Melatonin is a hormone our body produces that helps regulate sleep. It is produced naturally in the pineal gland at the base of the brain, but it can also be taken in tablets, which people who travel a lot or suffer from mild sleep disorders take to improve their circadian rhythms (which has some scientific backing). Are there melatonin side effects that can help those with heartburn?

Currently, the only use for which melatonin has strong scientific back is jet lag, according to the National Institute of Health.[1] And melatonin products are not approved by the Food and Drug Administration[2] (though the products can be purchased without a prescription). One reason may be because people who have taken melatonin have reported various symptoms, which include sleepiness, headache, a "heavy-head" feeling, stomach discomfort, depression, or feeling hungover.[3]

The good news is that the research for melatonin and heartburn is underway. A study from the NIH that began in 2007 hypothesizes that by decreasing esophageal acid exposure and esophageal acid sensitivity in gastroesophageal reflux disease (GERD), melatonin can do a better job of helping those with GERD symptoms than PPI and placebo (forms of heartburn treatment).[4] If the authors can substantiated their claim, then those who suffer from heartburn, which is the main symptom of GERD, would seek to benefit.
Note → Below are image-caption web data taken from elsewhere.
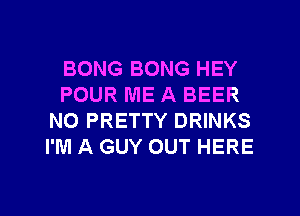 BONG BONG HEY
POUR ME A BEER
N0 PRETTY DRINKS
I'M A GUY OUT HERE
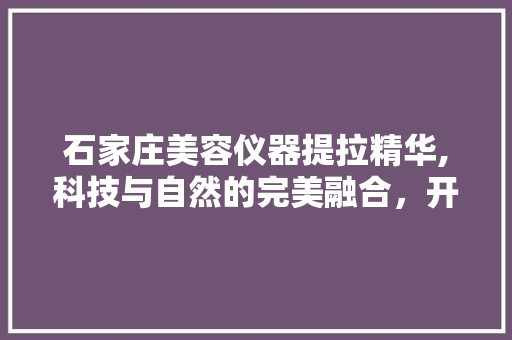石家庄美容仪器提拉精华,科技与自然的完美融合，开启美丽新篇章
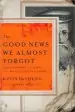 Audiobook The Good News we Almost Forgot: Rediscovering the Gospel in a 16Th Century Catechism author Kevin Deyoung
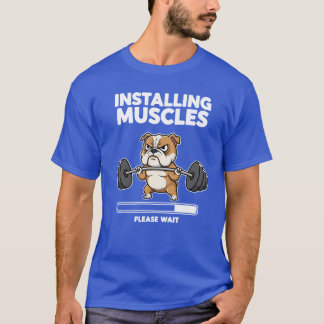 筋肉インストール中 お待ちください ブルドッグ フィットネスジム Tシャツ
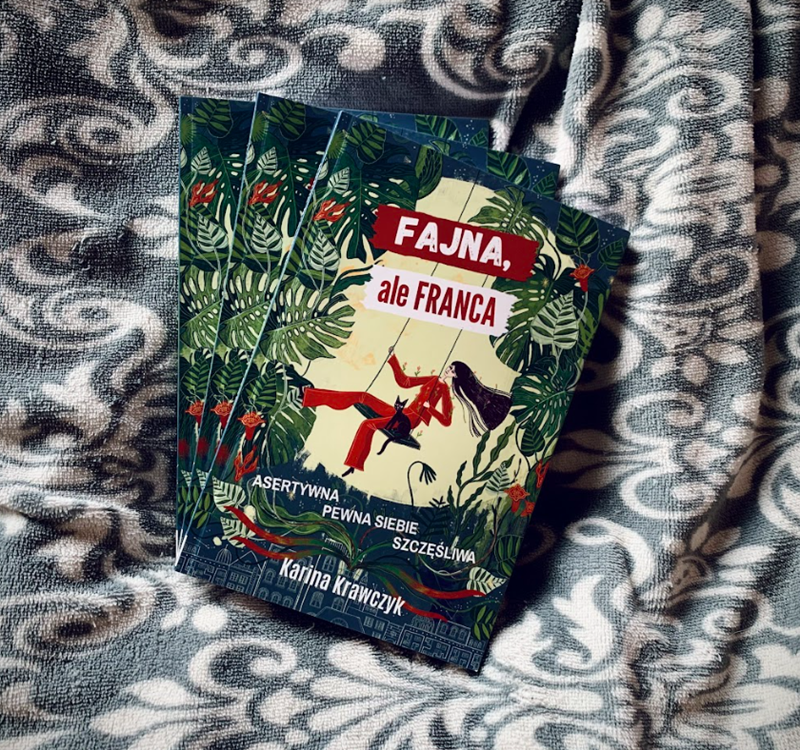 "Fajna, ale Franca". Nowy poradnik Kariny Krawczyk z Mysłowic!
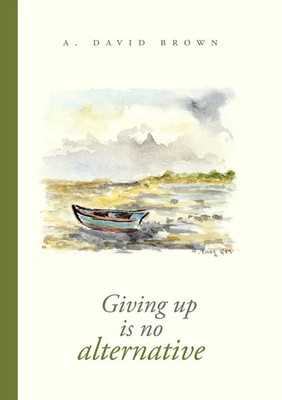 A. David Brown | Giving up is no alternative | Taschenbuch | Englisch (2012)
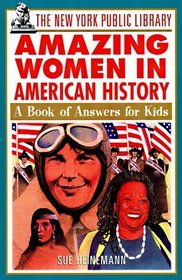 The New York Public Library Amazing Women in American History : A Book of Answers for Kids (The New York Public Library Books for Kids)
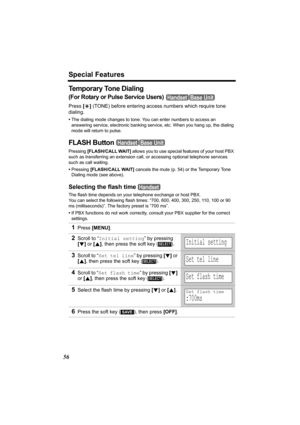 Page 56Special Features
56
Temporary Tone Dialing
(For Rotary or Pulse Service Users) 
Press [*] (TONE) before entering access numbers which require tone 
dialing.
•The dialing mode changes to tone. You can enter numbers to access an 
answering service, electronic banking service, etc. When you hang up, the dialing 
mode will return to pulse.
FLASH Button 
Pressing [FLASH/CALL WAIT] allows you to use special features of your host PBX 
such as transferring an extension call, or accessing optional telephone...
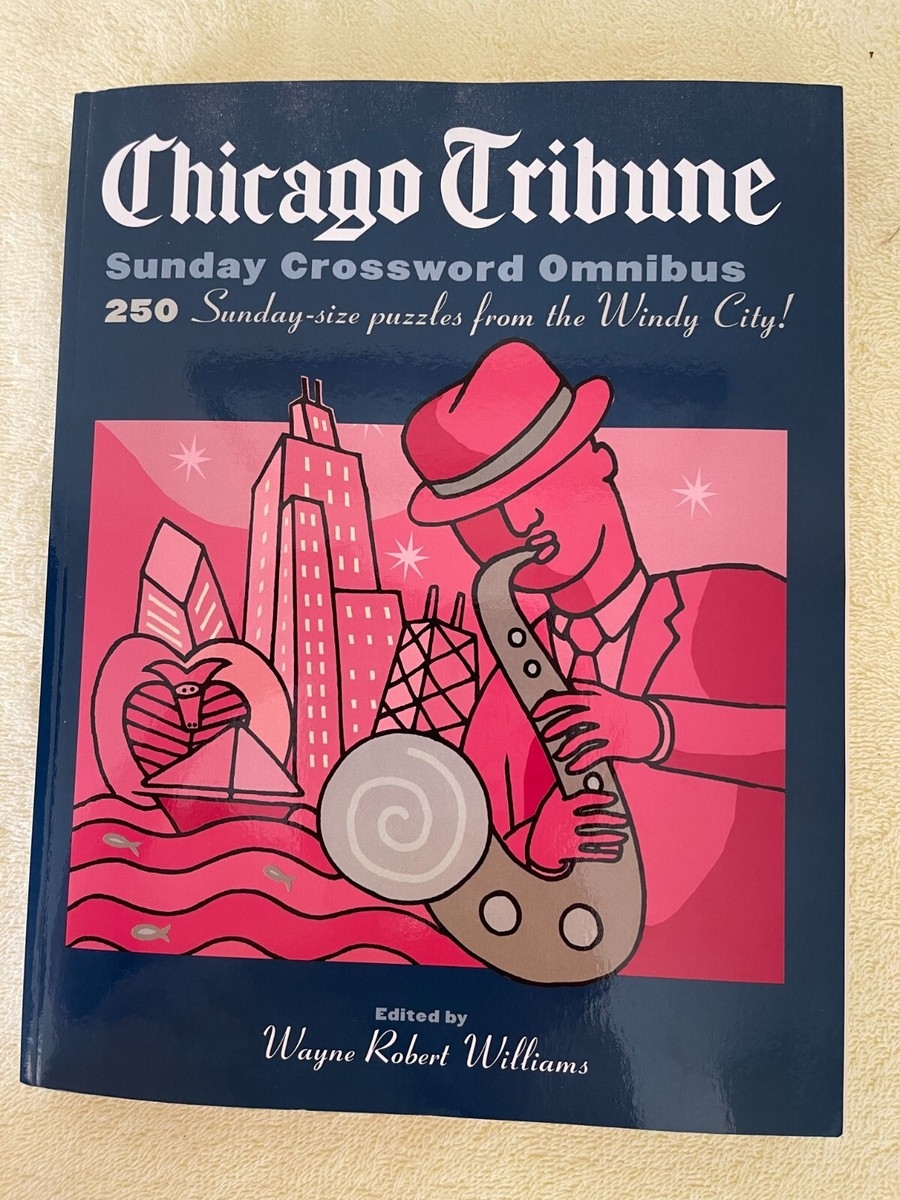CHICAGO TRIBUNE SUNDAY CROSSWORD OMNIBUS WAYNE ROBERT WILLIAMS EBay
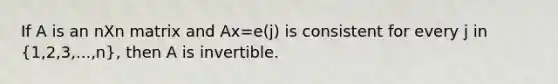 If A is an nXn matrix and Ax=e(j) is consistent for every j in (1,2,3,...,n), then A is invertible.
Heartburn can be a tricky thing to understanding because it has a number of symptoms-burning behind the breastbone, feeling food coming back into the mouth, tasting bitterness in the back of the throat, increased pain when lying down or bending over. More so, treating it can be a tricky proposition. For instance, here, according to the National Heartburn Alliance, are 6 lifestyle actions that can worsen heartburn:

  • Eating fatty foods and acidic foods
  • Eating meals too quickly
  • Drinking caffeinated beverages
  • Drinking alcohols
  • Smoking
  • Doing high-impact exercise[5]

Pinpointing which action worsens your symptoms does not mean that reducing that action will prevent your heartburn; it may just lessen the pain. This is why for relief many people take over-the-counter antacids or visit their doctor to see A) if a stronger form of medication helps or B) if they may in fact have GERD. Once your problem is clearly identified, it can begin to be treated.

Might heartburn one day be treated by melatonin? While it is certainly possible, it's a bit too early to know.